Last issue’s Quote of the Fortnight came from a prodigious blog entry in which Chris Goode mused on theatremakers’ relationship(s) with the audience, and in particular the difference between “the audience” as a general, hypothetical entity considered during the making of a theatre piece and any actual audience encountered during a specific performance. As usual with the issue which appears at this time of year, I write this column from amidst the Edinburgh Festivals, and by chance, audience relationships have been a major theme for me today.

I may have recounted before how I once watched director Mike Bradwell teach a lesson to a young company whose show involved haranguing the audience. When a supposedly thuggish character yelled at Mike, with many profanities, to move somewhere else, Mike quietly, politely but firmly said, “No.” As matters continued and a second “hooligan” entered the argument, Mike gave them a way out: “Say ‘please’.” To do so would, of course, compel them to break character, and in the end they had to do just that. This wasn’t an ostentatious, public display of nuisance-making; I doubt that even half a dozen of us saw what was going on. But Mike’s point was that, if you make a piece of live performance that involves the audience being denied a role as passive consumers but still expected to respond passively to commands like that, you have unilaterally rewritten the theatrical compact for that event and you need to take into account the possibility that some might not choose to accept those new conditions. You need coping strategies.


As it happens, today I encountered almost exactly the same situation. Badac Theatre’s The Factory has been receiving warm reviews as a direct, harrowing evocation of the Holocaust, and in particular the industrial manner in which victims were processed at Auschwitz-Birkenau. It is a promenade piece which involves the audience being herded into a number of different spaces as they progress, with performers, to the gas chamber. The herding is done loudly, aggressively and abusively. Abuse need not, of course, be physical: as the troop compliment in Guantánamo could confirm, aural and/or verbal treatment can be quite forcefully abusive on its own. So, to be clear, these actors were not pretending to bellow at us: they were bellowing at us. They were not pretending to deafen us by prolonged metal-beating sessions in a confined, stone-walled space: to be sure, this was a symbol of physical beatings given, but the reality is that they were deafening us. Overall, they were not pretending, as the Sonderkommando in Auschwitz, to bully us: they, as actors, were bullying us.

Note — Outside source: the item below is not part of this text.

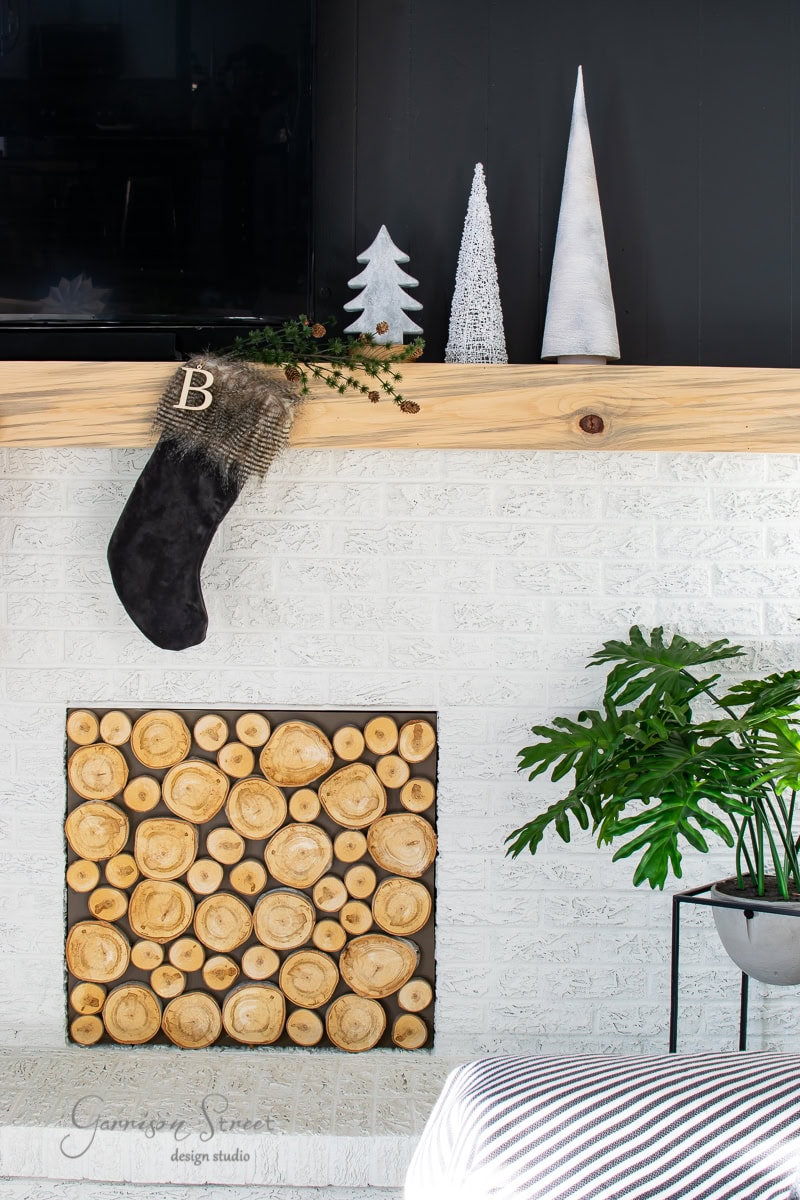 A cozy fireplace with a log pattern front, white brick surround, and wooden mantel. A black stocking with the letter 'B' hangs from the mantel, adorned with silver Christmas trees. Greenhouse plants are beside the fireplace, adding a touch of nature.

So, around halfway through the hour-long piece, after three previous instances of “You! Fucking move!”, and in a position where only a handful of the audience might be even minimally disrupted, I did a Bradwell. I quietly but firmly said, “No” every time I was bellowed at to move, and then modified it to “Say ‘please’.” The performer simply kept bellowing “Move!” or “Fucking move!” around a dozen times, then moved on to the doorway into the next chamber, hung around for 30 seconds or so and left me there. No coping strategy at all. The show had broken down, for me at least, so I left.

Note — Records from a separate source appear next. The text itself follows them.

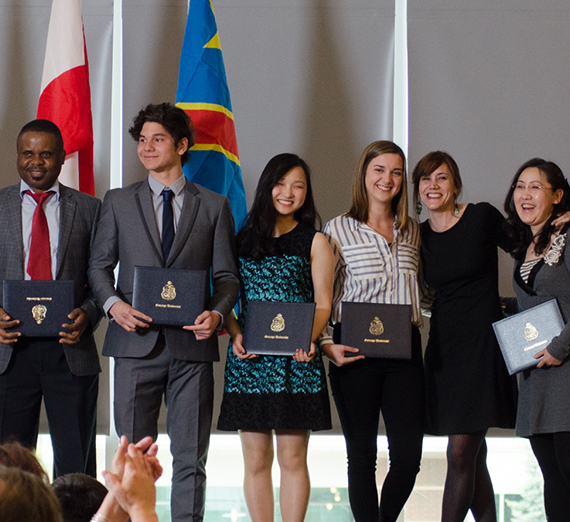 international students on stage at their ESL graduation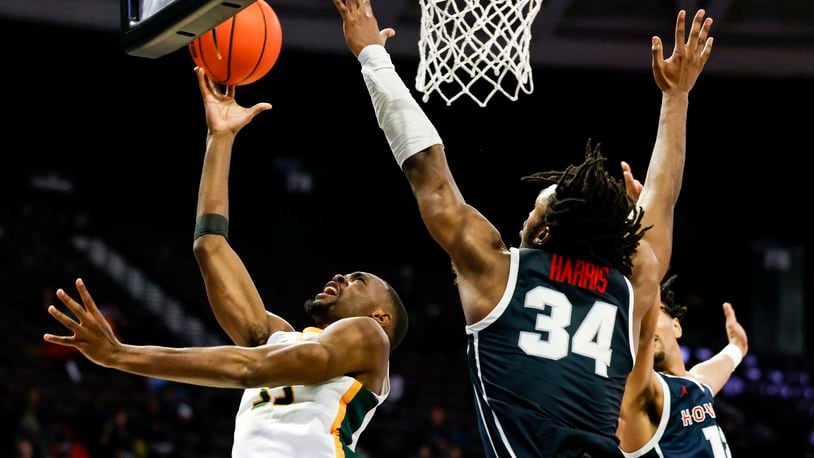 Norfolk State's Jack Doumbia (33) shoots against Howard's Bryce Harris (34) during an NCAA college basketball game in Mid-Eastern Athletic Conference men's tournament semifinals Friday, March 15, 2024, in Norfolk, Va. (Billy Schuerman/The Virginian-Pilot via AP)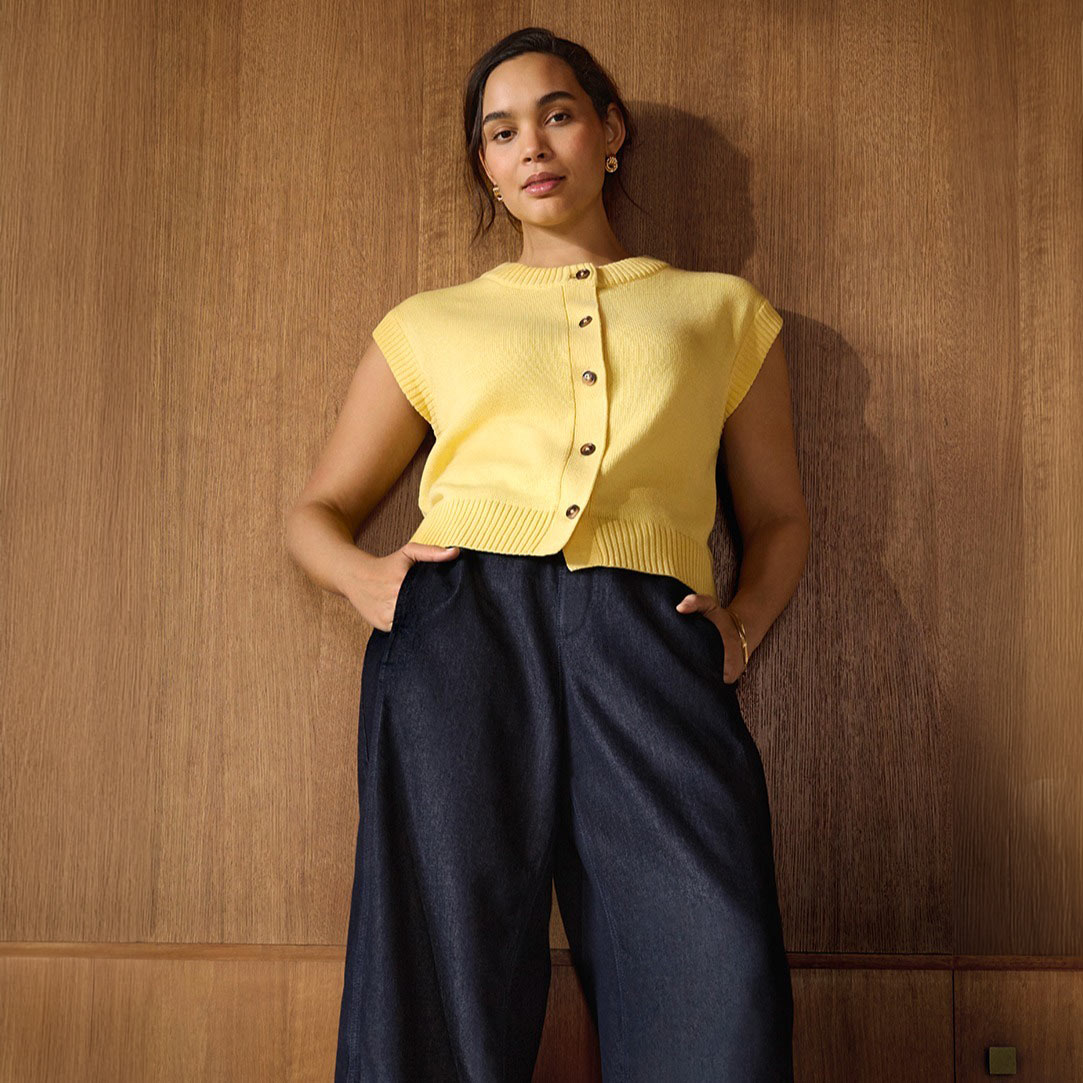 Gelbe Strickweste kombiniert mit einer weiten, dunkelblauen Hose.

Badac’s web site explains that as a result of their interest in violence and extremity “The actors will be led to a point of physical destruction, where they have no more to give; from this exhaustion, this freedom, we will explore their violence, we will pull from them their capacity for destruction and channel this into the play. The experience this creates for both the actors and the audience will be intense, disturbing, brutal and destructive. This is what we want.” The significant point here is that no thought whatever seems to have been given to the audience’s role in the performance transaction. It is assumed that we will comply, that we will acquiesce in their treatment of us. In Chris Goode’s terms, it is assumed that every instance of “an audience” – every particular grouping in an individual performance  –  will behave identically to “the audience”, the general hypothetical creature posited during the making of the piece. And that just isn’t so. Thus, the bitter irony arises that The Factory is intended as an indictment of an infernal process in which the administrators behaved with a certain complacency, taking the passive complicity of their human “throughput” for granted and making no allowances for individuality, and yet the piece itself behaves with exactly the same complacency and absence of allowances.

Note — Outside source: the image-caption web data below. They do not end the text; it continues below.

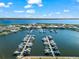 Aerial view of a marina with boats docked, surrounded by waterfront homes in a picturesque community at 1805 7Th St E, Palmetto, FL 34221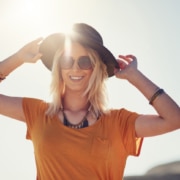 woman holding hat on her head walking through ray of sunshine, eye protection, eye sun protection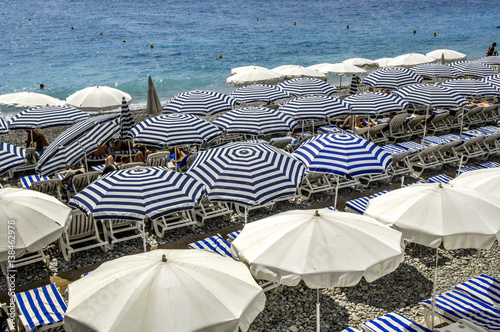 Canvas Print Sunloungers and sunshades in blue-white, France, Cote d Azur, Ni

(As a footnote, this evening two of the performers spent half an hour shadowing me as I moved through the venue bar, but without making direct contact, as I presume they would have if they’d wanted to discuss the matter. It felt as if I were being “heavied” all over again, without the theatrical context to even pretend to sanction it. No doubt we shall actually talk to each other in the days to come; it could be interesting.)

Written for Theatre Record.

Copyright © Ian Shuttleworth; all rights reserved.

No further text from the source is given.